ESB: Review of Standards for
Despite the strange times we have been living through, there has been much work going on the background and we are seeking your help to progress our review of Community Development Practitioner Knowledge and Skills. We plan to spend the next 9 months reviewing what we have that still works and what doesn’t and we'd like to invite you to find out more and get involved. Click here for more information.
The Endorsement and Quality Standards Board for Community Development Learning (ESB) was set up in 1997 through a series of community development conferences in England called Towards 2001.
ESB aims to provide a robust system of endorsement of quality for all types of training and learning in Community Development. Our role is to ensure quality standards in training and learning for community development practitioners. ESB contributes to a proficient community development workforce accessing high quality learning through the endorsement of different learning opportunities.
ESB is an independent company ltd by guarantee and has chosen not to seek public funding; it generates income through its endorsement processes and its paid for consultancies with universities and other organisations who wish to develop new community development programmes.
ESB engages with the wider field of community development learning through its involvement in:
- The development and updating of the Community Development National Occupation Standards
- Creating new qualifications
- Contributing to the QAA benchmarks for Youth and Community Work and engaging in consultations
- Consulting and working with others to establish the criteria for endorsement
- The ETS committee of NYA. ESB is recognised by NYA as an equal endorsement/ validation partner; ESB has a seat on the ETS and together ESB and the ETS undertake joint validations of youth and community programmes
- Having a seat on the TAG secretariat and undertakes joint work with TAG.

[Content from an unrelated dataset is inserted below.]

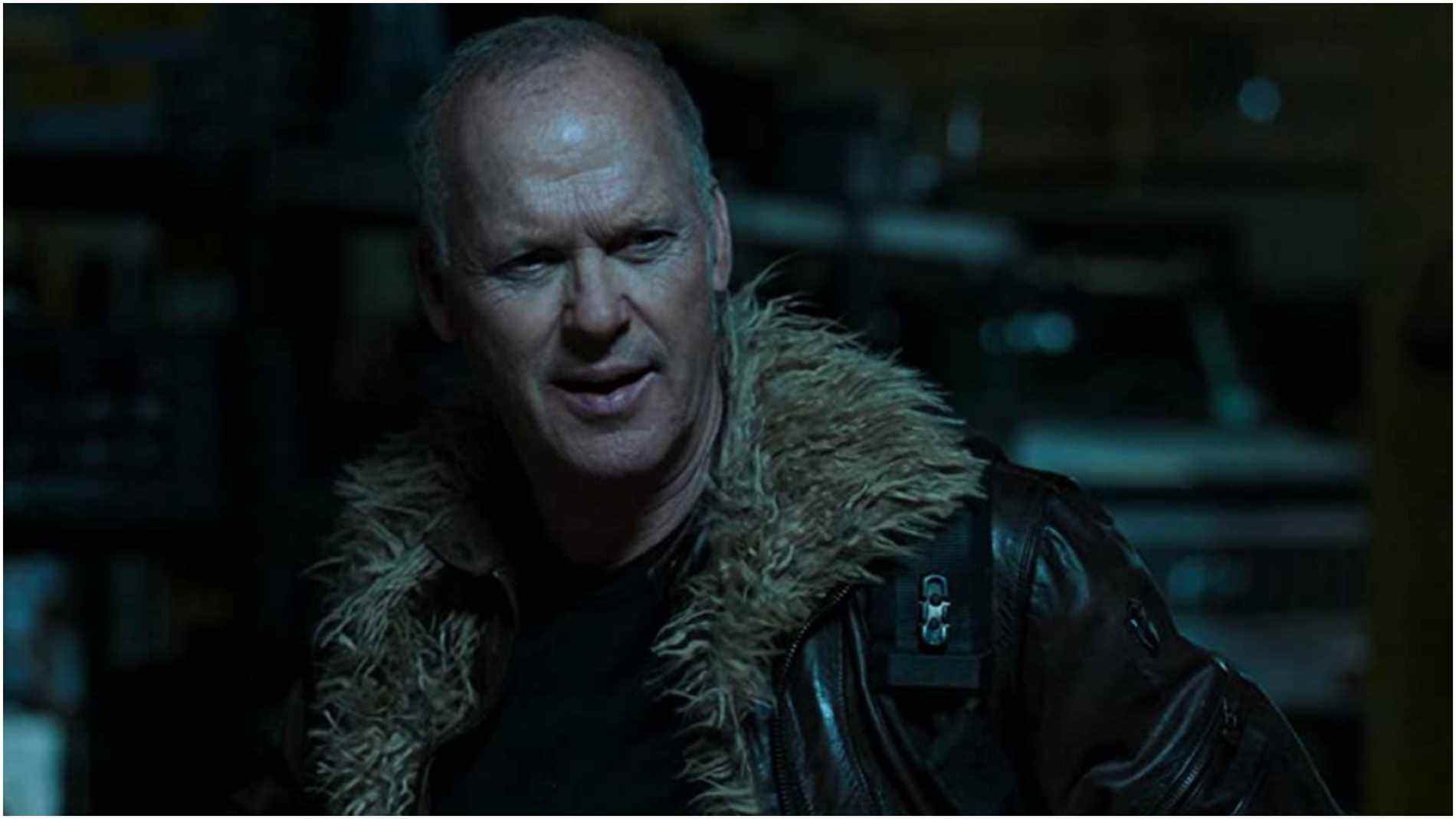 Michael Keaton en vautour dans Spider-Man : No Way Home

- Working in partnership with other bodies, sometimes running workshops at their conferences
- Being involved in international work
- Commissioning research into relevant aspects of community development practice and learning
- The steering group for the research being conducted By IVAR for the Local Trust
The first Community Work skills manual was published in 1979 as a way for community workers to share their work and ideas with other community workers; since then there have been another 3 community work skills manuals produced, each one bigger than the last as people were very willing to share their practice and learning and so assist with the development of the skills and knowledge of community work. The last two skills manuals can be found here on skillsmanual.org
ESB recognises the phenomenal amount of energy and work that has been undertaken at grass roots / community level during the Covid-19 crisis and before it all gets lost we would like to create a new version of the Skills Manual of many of the ideas and actions that sprung up and to learn from the many different initiatives that were set up. It would give us an opportunity to celebrate all the usually invisible activities that happen at grass roots that are rarely recognised or acknowledged.
If you are or were involved in any community initiative(s) during the past few months and would be willing to share what happened and what was learned we would love to hear your stories. It seems unlikely that this will be the last pandemic or substantial crisis that affects all communities and hearing about what ideas were tried this time can help us prepare for the next crisis.
The manual will be published on line and will grow as more examples are contributed. Please get involved and share your practice with us! Visit the Skills Manual website to find out more or contact us here at ESB.
ESB-endorsed degree programmes specify a required amount of supervised practice and require that practice is completed to a required standard. This supervised reflective practice is central to the achievement of an award recognising the Community Development skills the successful student holds.
ESB are keen to ensure that processes and agreements are put in place to support the community development sector. This applies to:
- Students who may have a need to shield or whose placement is no longer operating
- HEIs in offering recognised programme content to students and employers who partner on the programme delivery
- Future employers of graduating students in employing students with the expected community development skills
- Communities who are supported by the community development workers of the future
The steps outlined below are intended to support the needs of each of the above in these changing times. Additionally, the stages outlined below have been produced while seeking to ensure that:
- Students are not unnecessarily disadvantaged by their adoption (no detriment in QAA speak)
- Attempting to avoid compounding issues by requiring students to catch up as well as completing academic work and further placement activity
- Considering alternative measures including digital work for evidencing competence
- Trusting the professional judgement of teams offering endorsed community development programmes
ESB: Our Repsonse and Guidance for Covid-19 (coronavirus)
As a response to the ongoing developments for HEIs in readiness and response to COVI-19 (Coronavirus) preparations, the following guidelines are being applied by ESB:
The potential consequences of COVID-19 (including the temporary closure of settings) are that some students may be prevented from completing the required assessed professional practice as part of their ESB endorsed programme. This ESB guidance is intended to assist with managing and minimising disruption to students and HEIs while seeking to ensure that the quality of degree programmes is not compromised.
The assumption in the guidance is that programme design will not change as a result of an outbreak of Covid-19 but that HEI’s will use flexibility in how practice is embedded in the curriculum over the duration of a programme. In all situations, we are keen to work alongside HEIs to ensure that no students are at risk of not achieving the standards because insufficient time had been afforded to practice, whilst ensuring care to trainees’ wellbeing and safety.